Snoring And Your Relationship
No matter how much you love each other, snoring can put a strain on your relationship. If you’re the one lying awake at night as your partner snores away, it’s easy to start feeling resentful. And if you’re the snorer, you may feel helpless, guilty, or even irritated with your partner for harping on something you can’t consciously control.
When snoring is a problem, relationship tension can grow in the following ways:
Sleeping in separate rooms. While this may be a solution for some couples, it can also take a toll on emotional and physical intimacy. And if you’re the one snoring, you might feel lonely, isolated, and even punished for something you feel you have no control over.
Irritability due to sleep loss. Disrupted sleep isn’t just a problem for the non-snorer. It is caused by disordered breathing, which means the snorer’s sleep quality also suffers. Poor sleep takes a toll on mood, thinking skills, judgment, and your ability to manage stress and conflict. So is it any wonder that communication often breaks down when trying to talk about the problem?

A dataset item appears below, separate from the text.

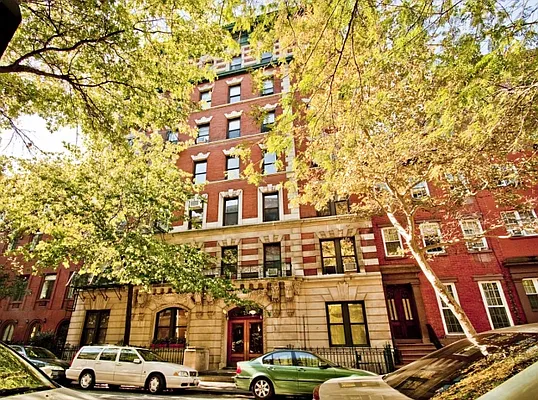 Rented by ROOM Real Estate | media 13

Partner resentment. When a non-snorer feels he or she has done everything possible to sleep through the night (ear plugs, sound machines, etc.) but the snorer does nothing to combat the snoring, it can lead to resentment. Working as a team to find a snoring cure can prevent future fights.
If you value your relationship, make it your priority to find a snoring cure so you can both sleep soundly. Working together to stop snoring can even be an opportunity to improve the quality of your bond and become more deeply connected.